GM’s 2018 Storyline: Trucks, Trucks, More Trucks
GM’s sales reflect weakening consumer demand over the period, but also the automaker’s decision to slash production of passenger cars out of favor with Americans and requiring costly incentives to move off dealer lots.
General Motors closes the year unable to eclipse 3 million U.S. light-vehicle sales, a streak dating back to 2014, but says it largely kept year-end incentive spending in check while maintaining pace with the industry and taking advantage of hot crossover demand.
The No.1 U.S. automaker delivered 2.95 million cars, trucks and CUVs in 2018, just shy of the 3.0 million it sold in 2017, according to Wards Intelligence. The totals include a handful of medium-duty, cab-forward commercial trucks.
GM’s sales reflect weakening consumer demand over the period, but also the automaker’s decision to slash production of passenger cars out of favor with Americans and requiring costly incentives to move off dealer lots.
Fourth-quarter sales fell 2.7% to 785,229 from 806,739. GM held its retail market share steady at 17.5%, and incentives on key products such as its best-selling large pickups fell compared to competitors despite repeating for a second year its popular employee-pricing program in December.
Average transaction prices on those products increased, the Detroit automaker says, and end-of-year fleet sales fell 4% against an industry up 13%. As with much of the industry, trucks were the central theme to GM’s storyline in 2018. It sold 1 million CUVs, 974,000 pickups and 280,000 large SUVs.
“We have built the most successful pickup, SUV and crossover business in the industry and we gained considerable momentum in the fourth quarter of 2018 as dealers began delivering the all-new Chevrolet Silverado, GMC Sierra and Cadillac XT4,” U.S. sales chief Kurt McNeil says in a statement.
“We feel confident heading into 2019 because we have more major truck and crossover launches coming during the year and the U.S. economy is strong,” he says.
GM continues to ramp up production of its redesigned 2019 Chevy Silverado and GMC Sierra big pickups, while still selling down previous-generation models. The automaker’s second light-duty pickup assembly plant in Silao, Guanajuato, Mexico, will join its Fort Wayne, IN, facility to make the new Silverado and Sierra this month.
Silverado sales slipped 3.6% to 161,178 in the fourth quarter compared with 167,274 in the same period last year, while Sierra deliveries improved 6.1% to 67,312 from 63,467. The Silverado closed the year on sales of 585,581 units, which closely matched last year’s total, and Sierra sales gained 0.7% to 219,554. Both trucks saw blowout year-end demand last year.
“The new truck is doing great,” GM spokesman Jim Cain says, noting Silverado and Sierra year-end inventories were fewer than 70 days’ and 60 days’ supply, respectively, when 90-100 days’ is seen as optimal to meet demand.

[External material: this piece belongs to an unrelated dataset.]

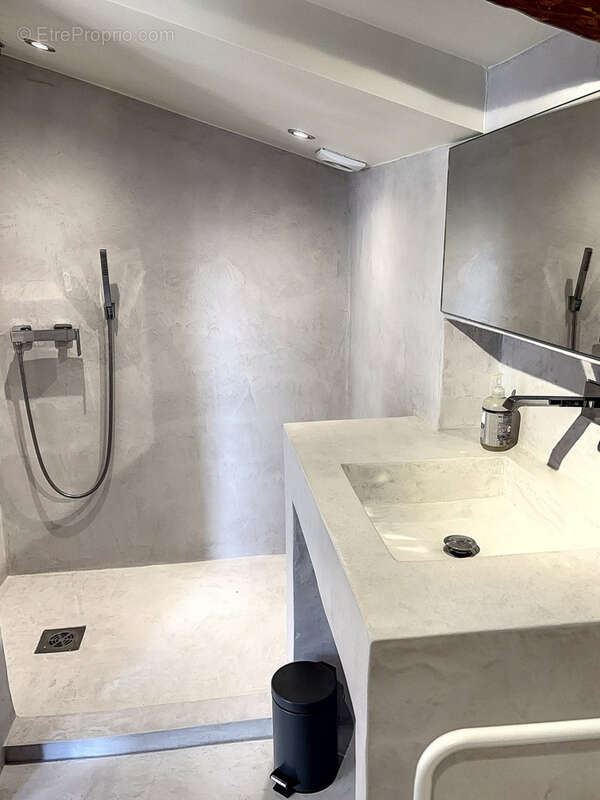 Maison à LA GARDE-FREINET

GM has additional trucks coming, too. Heavy-duty versions of the Silverado and Sierra come later this year, along with large SUVs such as the Chevy Tahoe and GMC Yukon off the light-duty truck platform. Additional CUVs also launch this year with the Chevy Blazer, while rollout of the Cadillac XT4 continues and GM’s luxury brand looks forward to the launch of the all-new XT6 and redesigned Escalade large SUV.
“We are very bullish on pickups heading into 2019,” says McNeil, vice president-U.S. sales Operations. “The light-duty launch has been one of the best in our history, with a very smooth production ramp-up of the new models and a faster than expected sell-down of the old models.

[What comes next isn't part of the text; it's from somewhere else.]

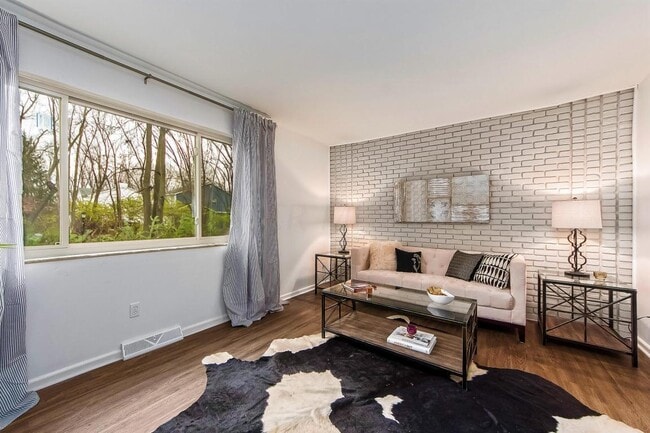 Building Photo - 361 E North St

“We are following that up with all-new HD trucks, and the first-ever Chevrolet Silverado medium-duty chassis cab trucks for commercial customers,” he adds.

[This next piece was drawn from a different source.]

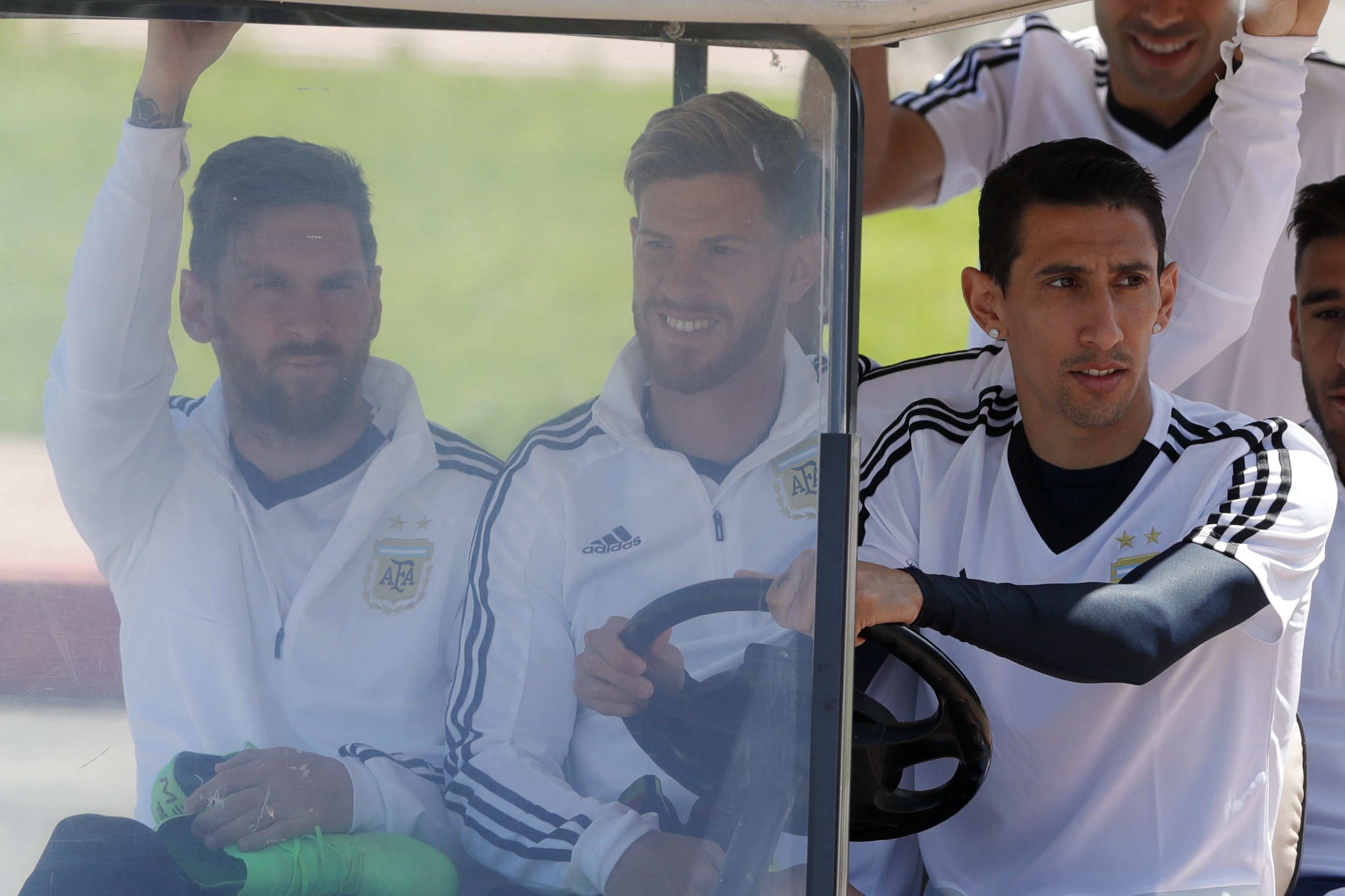 Un excompañero de Messi destapa sus hábitos en el coche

Each of GM’s four brands saw sales decline last year. Chevy deliveries were off 1.4% to 2.04 million units; Buick sales tumbled 5.6% to 206,863; GMC demand slipped 0.8% to 556,449; and Cadillac fell 1.1% to 154,702. Fourth-quarter Chevy sales were down 3.2% to 531,985 units, Buick declined 13.7% to 51,257, GMC gained 3.5% to 160,525 and Cadillac slid 2.7% to 41,462.
Cadillac’s performance over the past 12 months hints the struggling brand may have stopped, or at least stemmed, its bleeding. Cadillac’s latest reboot has been hindered by a car-centric lineup in a market calling for trucks. GM plans to consolidate Cadillac’s car lineup to one vehicle, the CT5, and focus on the crossovers its competitors seemingly continue to roll out one after another.
Five CUV nameplates recorded record calendar-year sales, GM says, including the GMC Terrain, Chevy Traverse, Chevy Equinox, Chevy Trax and Buick Encore.